Grid computing is a method of harnessing the power of many computational resources in a network. Grid computing is a distributed computer infrastructure involving large-scale sharing applications and/or high performance processing and network bandwidth.
Referring to FIG. 1, a grid computing environment comprising a plurality of heterogeneous computing nodes distributed across multiple administrative domains. A virtual organization (e.g., VO-X, VO-Y, and VO-Z) may include nodes from different domains. For example, VO-Z includes nodes from each of Administrative Domains 110, 120, and 130.
A node (hereinafter also referred to as a computing resource) may be a member of several virtual organizations. An end-user (e.g., USER M, USER N, or USER 0) may need to access remote nodes either in the same administrative domain, or across domains. For example, User O may access VO-Y from within Domain 120, or User N within Domain 130 may access the same node from outside of Domain 120. Similarly, User M of Domain 130 may access both VO-Y and VO-Z through a single node in Domain 110.

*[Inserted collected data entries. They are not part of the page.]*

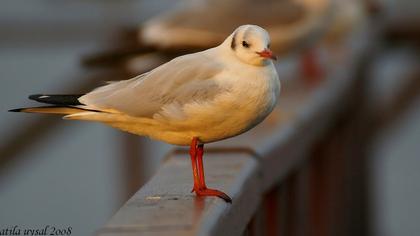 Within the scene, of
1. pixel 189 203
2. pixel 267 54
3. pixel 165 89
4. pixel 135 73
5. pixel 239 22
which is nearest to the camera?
pixel 189 203

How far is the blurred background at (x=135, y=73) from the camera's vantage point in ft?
19.5

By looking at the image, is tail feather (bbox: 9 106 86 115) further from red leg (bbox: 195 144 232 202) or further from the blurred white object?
the blurred white object

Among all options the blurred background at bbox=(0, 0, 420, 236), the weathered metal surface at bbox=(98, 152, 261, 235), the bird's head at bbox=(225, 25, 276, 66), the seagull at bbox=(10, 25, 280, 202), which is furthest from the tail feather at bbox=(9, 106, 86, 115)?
the blurred background at bbox=(0, 0, 420, 236)

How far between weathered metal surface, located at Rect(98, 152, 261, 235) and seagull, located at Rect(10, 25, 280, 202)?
66 millimetres

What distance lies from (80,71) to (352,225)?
5.83 ft

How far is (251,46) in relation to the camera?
105 inches

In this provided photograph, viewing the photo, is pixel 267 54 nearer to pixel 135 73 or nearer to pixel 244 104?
pixel 244 104

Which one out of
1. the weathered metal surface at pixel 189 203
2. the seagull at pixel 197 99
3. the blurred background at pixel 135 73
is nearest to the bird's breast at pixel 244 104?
the seagull at pixel 197 99

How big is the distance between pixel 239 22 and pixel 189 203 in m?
3.90

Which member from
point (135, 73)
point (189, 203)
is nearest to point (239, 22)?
point (135, 73)

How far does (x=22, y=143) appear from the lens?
5.53 meters

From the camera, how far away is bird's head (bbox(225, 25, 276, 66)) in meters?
2.66

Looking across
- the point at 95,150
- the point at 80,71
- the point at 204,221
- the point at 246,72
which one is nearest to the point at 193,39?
the point at 80,71

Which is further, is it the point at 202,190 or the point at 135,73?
the point at 135,73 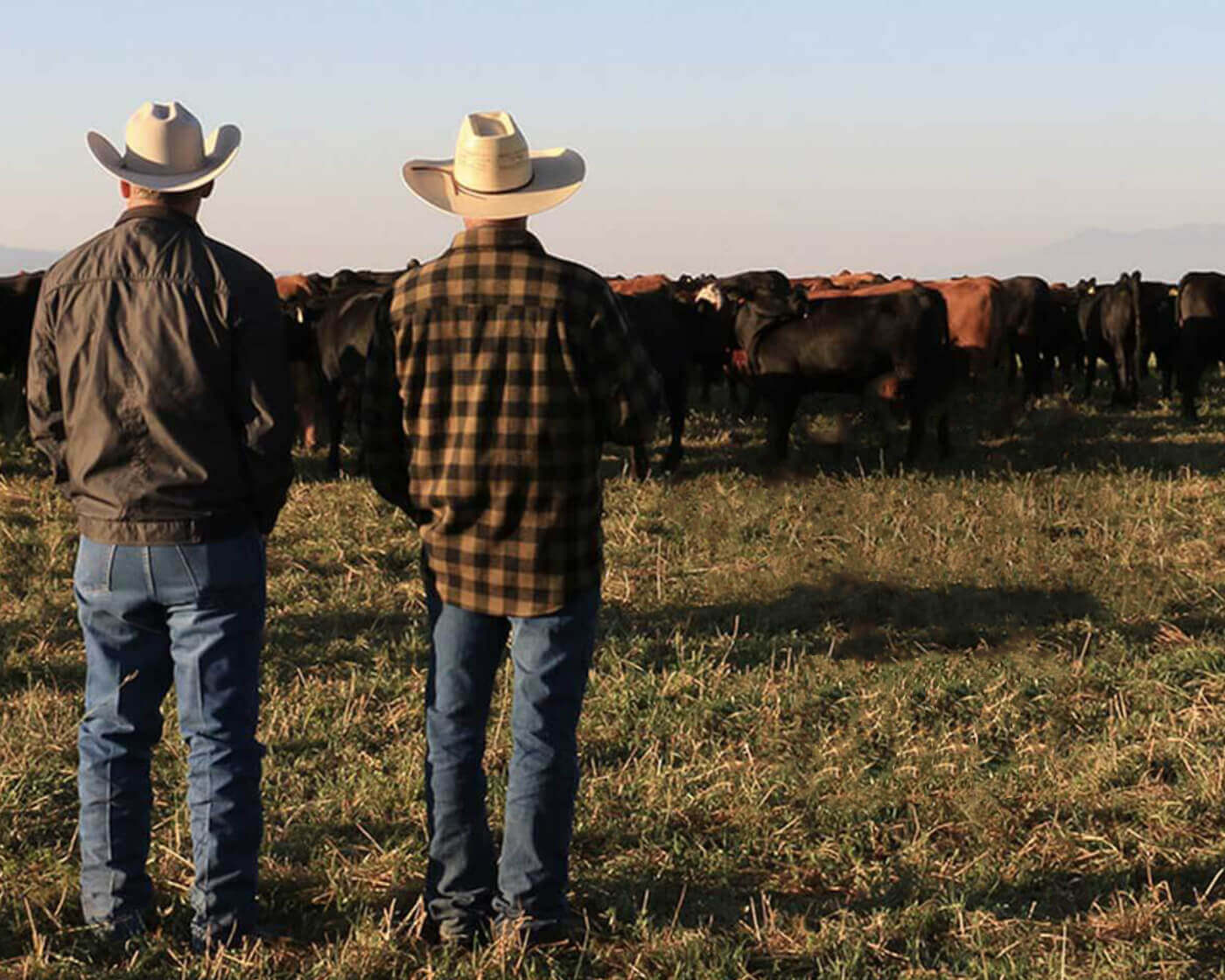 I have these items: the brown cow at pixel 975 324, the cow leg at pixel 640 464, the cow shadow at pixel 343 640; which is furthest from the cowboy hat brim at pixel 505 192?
the brown cow at pixel 975 324

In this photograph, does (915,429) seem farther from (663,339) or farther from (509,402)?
(509,402)

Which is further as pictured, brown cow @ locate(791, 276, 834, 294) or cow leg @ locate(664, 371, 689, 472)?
brown cow @ locate(791, 276, 834, 294)

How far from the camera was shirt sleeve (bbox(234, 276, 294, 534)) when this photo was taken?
3.54 metres

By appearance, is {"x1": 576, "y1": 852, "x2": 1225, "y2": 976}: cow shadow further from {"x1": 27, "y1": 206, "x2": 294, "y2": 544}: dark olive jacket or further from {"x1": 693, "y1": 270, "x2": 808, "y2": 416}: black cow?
{"x1": 693, "y1": 270, "x2": 808, "y2": 416}: black cow

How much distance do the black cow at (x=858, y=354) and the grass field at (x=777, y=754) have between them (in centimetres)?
299

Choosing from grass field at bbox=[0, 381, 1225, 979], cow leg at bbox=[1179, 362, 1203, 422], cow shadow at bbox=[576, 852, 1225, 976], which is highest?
cow leg at bbox=[1179, 362, 1203, 422]

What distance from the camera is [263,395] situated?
3545 mm

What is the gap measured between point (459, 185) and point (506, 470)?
2.49 ft

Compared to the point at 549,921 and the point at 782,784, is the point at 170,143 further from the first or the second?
the point at 782,784

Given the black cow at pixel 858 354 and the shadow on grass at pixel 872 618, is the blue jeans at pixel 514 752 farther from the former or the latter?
the black cow at pixel 858 354

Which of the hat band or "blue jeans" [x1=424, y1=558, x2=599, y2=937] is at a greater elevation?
the hat band

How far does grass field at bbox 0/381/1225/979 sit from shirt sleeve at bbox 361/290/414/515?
120 cm

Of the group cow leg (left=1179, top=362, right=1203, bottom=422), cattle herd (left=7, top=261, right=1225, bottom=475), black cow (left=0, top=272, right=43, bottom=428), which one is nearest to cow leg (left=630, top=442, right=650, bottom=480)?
cattle herd (left=7, top=261, right=1225, bottom=475)

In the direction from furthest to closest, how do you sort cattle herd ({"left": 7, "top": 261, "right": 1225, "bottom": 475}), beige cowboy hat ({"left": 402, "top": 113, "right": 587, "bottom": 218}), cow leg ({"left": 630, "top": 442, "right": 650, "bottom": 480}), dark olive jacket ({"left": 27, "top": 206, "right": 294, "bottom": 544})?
cattle herd ({"left": 7, "top": 261, "right": 1225, "bottom": 475})
cow leg ({"left": 630, "top": 442, "right": 650, "bottom": 480})
beige cowboy hat ({"left": 402, "top": 113, "right": 587, "bottom": 218})
dark olive jacket ({"left": 27, "top": 206, "right": 294, "bottom": 544}) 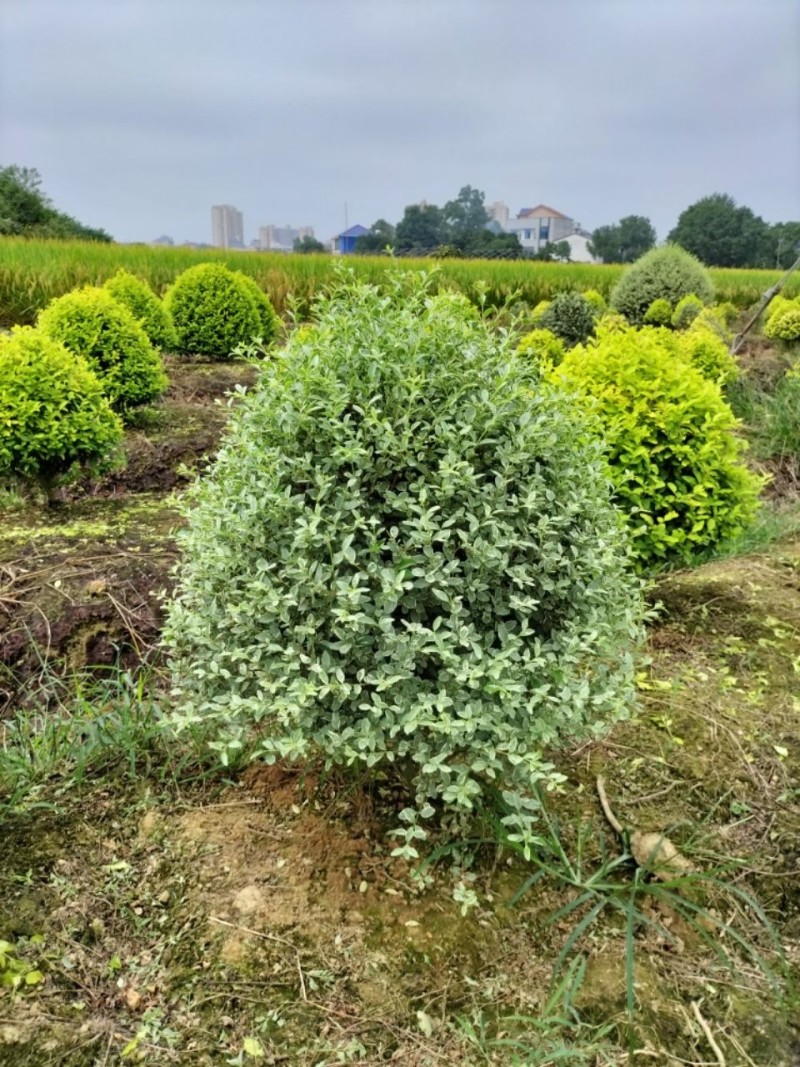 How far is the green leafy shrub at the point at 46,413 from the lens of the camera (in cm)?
405

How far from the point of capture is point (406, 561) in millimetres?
1510

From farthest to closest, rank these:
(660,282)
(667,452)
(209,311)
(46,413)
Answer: (660,282) < (209,311) < (46,413) < (667,452)

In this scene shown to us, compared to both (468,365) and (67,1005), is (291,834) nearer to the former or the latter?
(67,1005)

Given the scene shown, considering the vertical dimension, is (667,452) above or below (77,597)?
above

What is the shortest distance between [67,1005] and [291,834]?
0.58 metres

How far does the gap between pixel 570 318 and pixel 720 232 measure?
124 feet

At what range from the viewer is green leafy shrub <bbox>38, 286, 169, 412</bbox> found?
565 cm

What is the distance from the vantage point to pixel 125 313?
19.4 ft


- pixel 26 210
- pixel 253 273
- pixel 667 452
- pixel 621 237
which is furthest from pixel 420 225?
pixel 667 452

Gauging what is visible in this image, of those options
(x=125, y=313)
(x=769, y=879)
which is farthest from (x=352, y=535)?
(x=125, y=313)

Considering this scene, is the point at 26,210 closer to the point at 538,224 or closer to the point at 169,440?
the point at 169,440

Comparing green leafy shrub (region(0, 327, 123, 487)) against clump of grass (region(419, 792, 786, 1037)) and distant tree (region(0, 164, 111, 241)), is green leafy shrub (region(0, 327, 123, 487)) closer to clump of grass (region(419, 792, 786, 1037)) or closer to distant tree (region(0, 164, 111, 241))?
clump of grass (region(419, 792, 786, 1037))

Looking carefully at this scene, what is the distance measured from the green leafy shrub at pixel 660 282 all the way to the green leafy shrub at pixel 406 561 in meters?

Traditionally, grid computing has provided for the execution of batch jobs in the scientific and academic community. Batch execution on a grid computing environment requires authentication, authorization, resource access, resource discovery, and other services. In support of batch processing of jobs on a grid computing environment, protocols, services, application programming interfaces, and software development kits have been developed. The conventional method and system are not particularly suited for interactive grid computing sessions.
A grid user must typically be granted authorization by an administrator of the domain to which the desired resource belongs. This usually entails generating a policy file for each user. However, requiring a user to have local accounts for the resources that can possibly be allocated to him has several drawbacks. A system using static accounts is difficult to scale, since there may be millions of potential users of a system by virtue of their membership in the grid. As members get added or removed from a grid, local system administrators at participating sites cannot be expected to add or delete user accounts. The maintenance of millions of accounts, for example, at the participating sites using methods provided by operating systems would be a very heavy burden for system administrators.
In systems having large numbers of occasional users, dynamic accounts may be used to avoid having to deal with the problems of maintaining a large number of static accounts. A dynamic account is not permanently associated with a real-world user. It is assigned to a user for the duration of one or more interactive sessions or batch jobs on the allocated computer. When the association ends, the dynamic account is returned to the free pool and is available for assignment to another user.
Although dynamic accounts avoid the difficulty of having to maintain static accounts for all potential users, there is still considerable overhead involved in managing the set of dynamic accounts. For each account, an administrator is typically required to add an entry to a gridmap file, creating a mapping between the user's grid credentials and the pool of dynamic accounts to be used. This entry uses the part of the grid credentials that is known as the user's distinguished name (DN). The DN is based upon a hierarchical naming standard that makes it possible to uniquely identify the user.
Normally, the DN of a user is extracted from his credentials and a file is created in the file system with the DN. This file is actually a symbolic link that points to another file that is named with the dynamic account allocated to the user. If a second user initiates a session using a DN linked to a current dynamic account, the second user will be assigned to the same dynamic account. Under conventional dynamic account management, if two users sharing a common grid credential are allocated the same resource, both of their sessions will run on the same dynamic account. This creates an unstable situation in which the two users may overwrite each others files and terminate each others processes. What is needed is a dynamic account management method that reduces the burden on local domain administrators and allows users to share a DN without potential interference.